一休

ヴィーナスの一休のレビュー・感想・評価

ヴィーナス(2006年製作の映画)
5.0
公開された2007年、年の暮れ前のこれといった作品が見当たらない11月だったのではあるが、公開中の項に入っていたピーター・オトゥール主演の【ヴィーナス】という作品は、一部女子よりも好い男好きのオイラに取って見なくてはいけない作品に間違いないと思ったのだ 。
14時40分からと昼も大分に回った時間からの日比谷シャンテシネでは、往年の名優の作品だということか、明らかに60代以降の男女がわらわらと席についている 。
そんな中でオイラも席についてみたのだが、こんな髭面の男が一人で何しに来たのかと怪しい目つきでみられるぐらい女性の比率が高い 。
ここ十数年、アメリカ語とこけおどしCGの氾濫していた映画界で、ピーター・オトゥールのイギリス語による小娘相手の言葉責めにも似た台詞回しは耳に心地よく、左朴全の「老人とこどものポルカ」のようなシュールさを醸し出した作品は、充分にオイラの記憶に残っている。
ストーリー的には愛情をまき散らしながら死んでいく男の際とでもいうのか、自分の好きな場所で好きな女の側にいながら死んでいくなんてカッコ良すぎるとは思っても、そこはピーター・オトゥールだから許してしまうというくらい男に優しいオイラがいたりもする。
何にしろ、色気いっぱいのピーター・オトゥールにはお似合いの嬉しいセリフばかりで、
小娘「信頼するって何?」
老人「快楽を追究するってことだな。
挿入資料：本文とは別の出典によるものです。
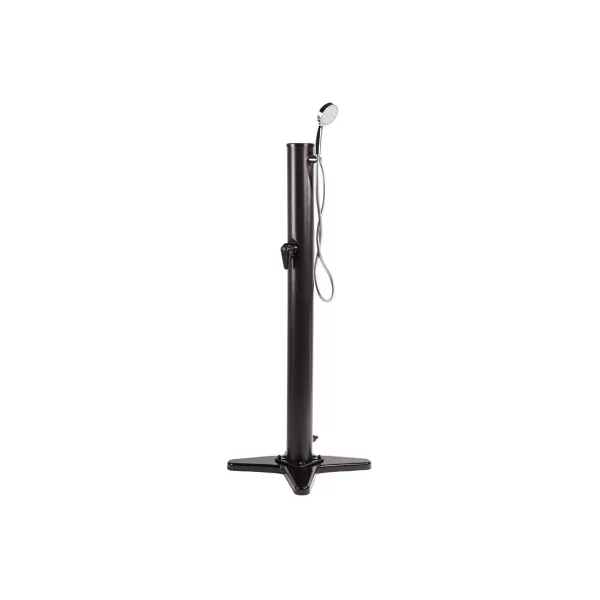 Solární sprcha MARIMEX UNO 14 l 10992002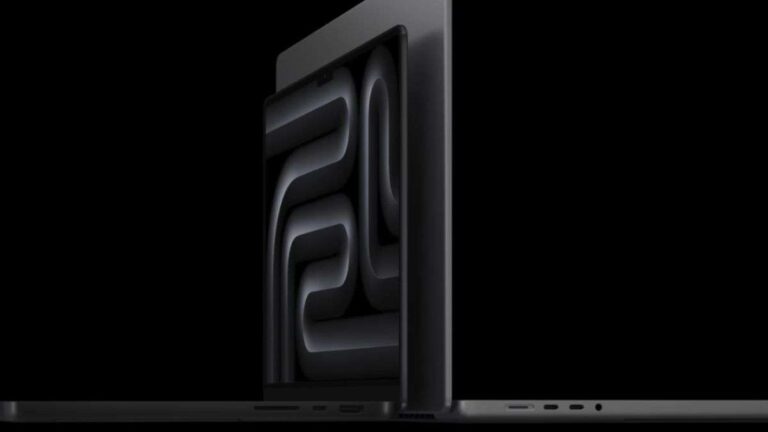 Apple M5 Macbook Pro और Macbook Air: अपग्रेड से क्या कंजस हो सकता है?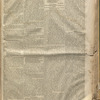 The Asmonean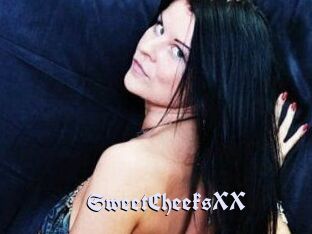 Sweet_CheeksXX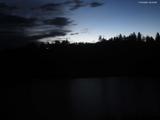 22 : 20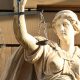 Image of justitia-421805_960_720-1 for Diversity in the English Legal System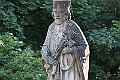199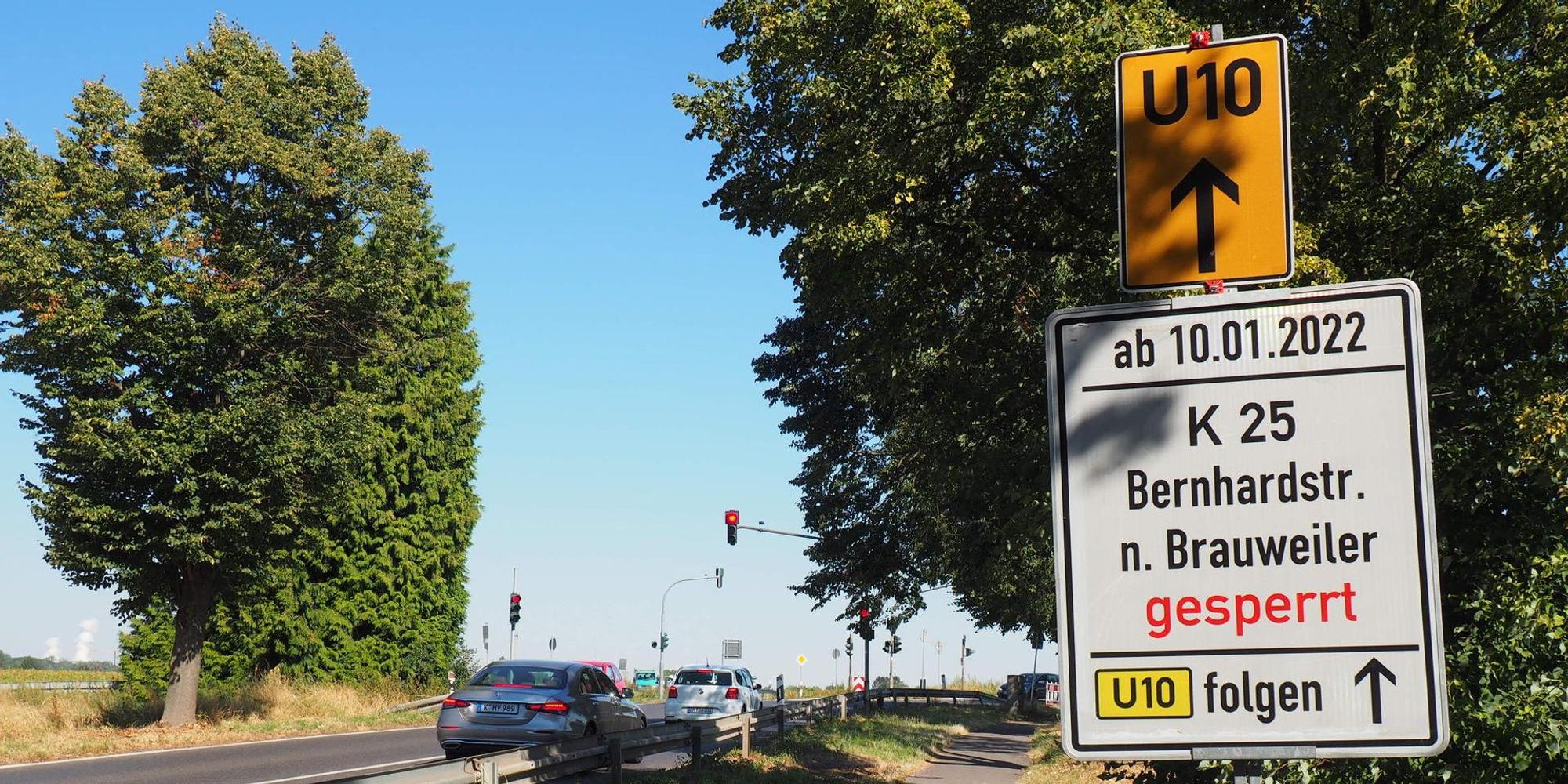 Neuer Inhalt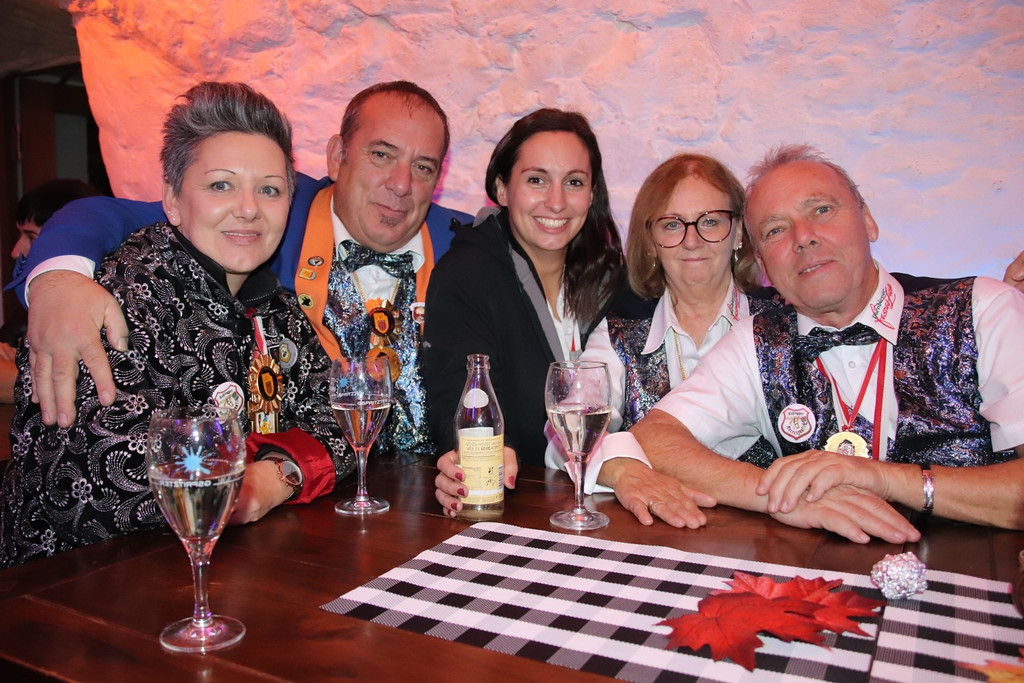 IMG_7728_jiw.jpg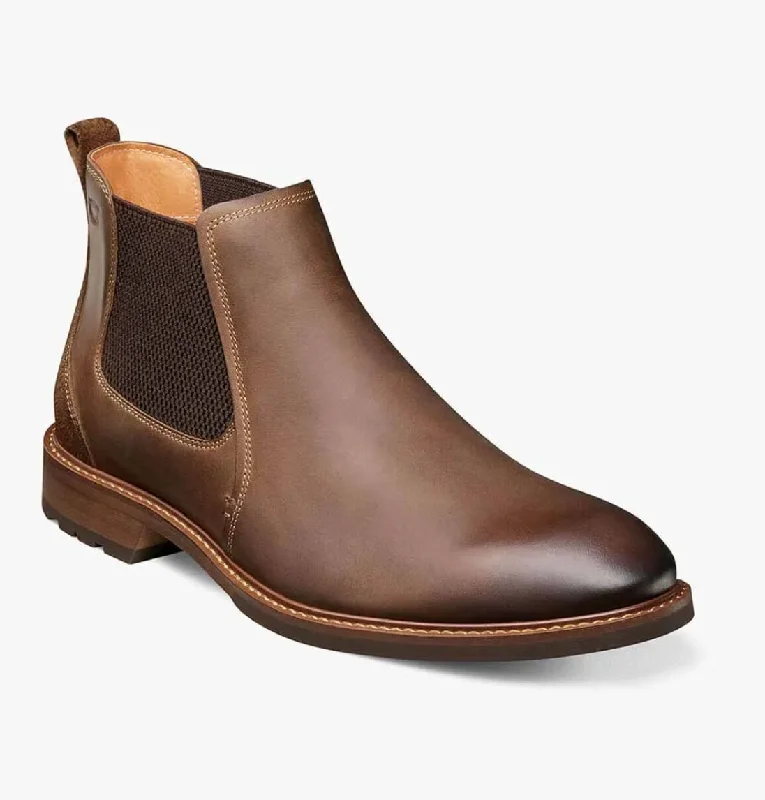 Florsheim Lodge Gore Boot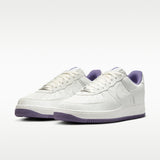 Nike Air Force 1 Low x Kobe Bryant Summit White Daybreak | IB0018-102 | image 5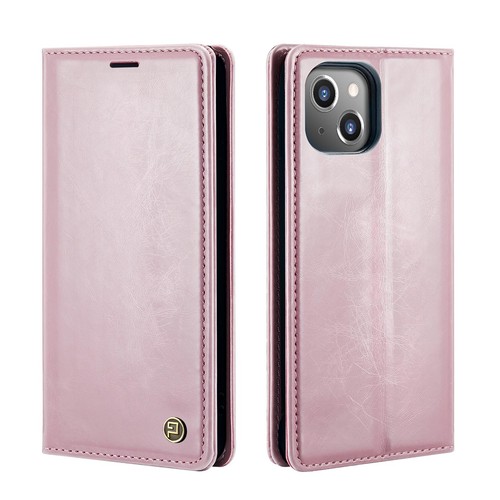 Custodia cellulare per apple - per,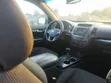 Kia Sorento 2014 Silver - 3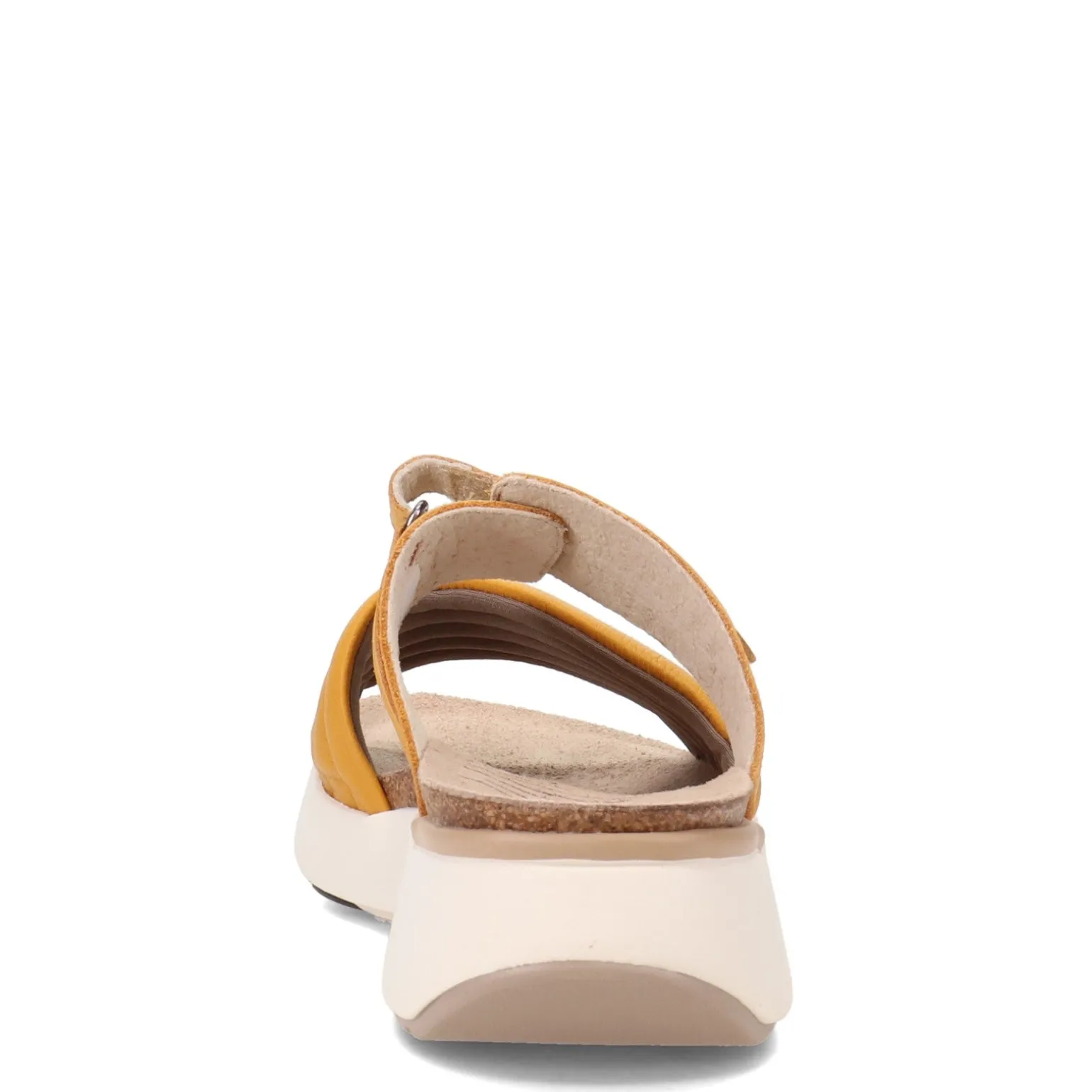 Women's Naot, Vesta Sandal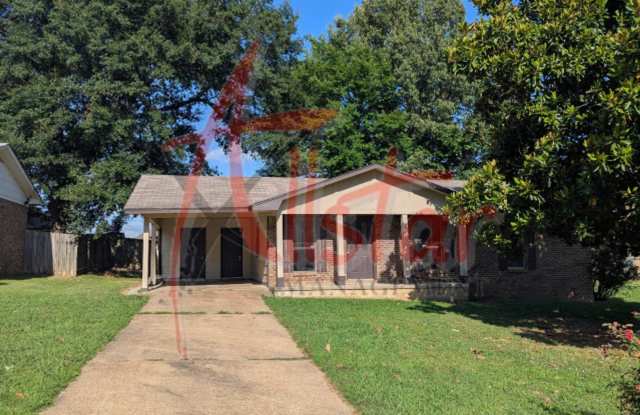 7354 Northbrook Drive Horn,  Lake MS photos photos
」
   とか
友人「あの娘とどう付き合っているのか不思議だね。」
老人「あんたよりほんのちょっと優しくしてあげてるのさ。」
   とか
老人「死ぬべきか生きるべきか、それが問題だ。」

最後までカッコ良く生きるという事は、そーゆー事なんだと改めて理解できましたよ。(ノ ´ー`)ノフッ

ピーター・オトゥールといえば、大作【アラビアのロレンス】でロレンスその人を演じてアカデミー賞を受けた人ではあるが、その栄光をそ知らぬふりして、小作品や良い脚本を選んで出演してきた俳優さんなので、この年になっても身体から匂うエロティシズムと迫力は、それを見て濡らさない女は女じゃないと言い切りたいぐらいだ。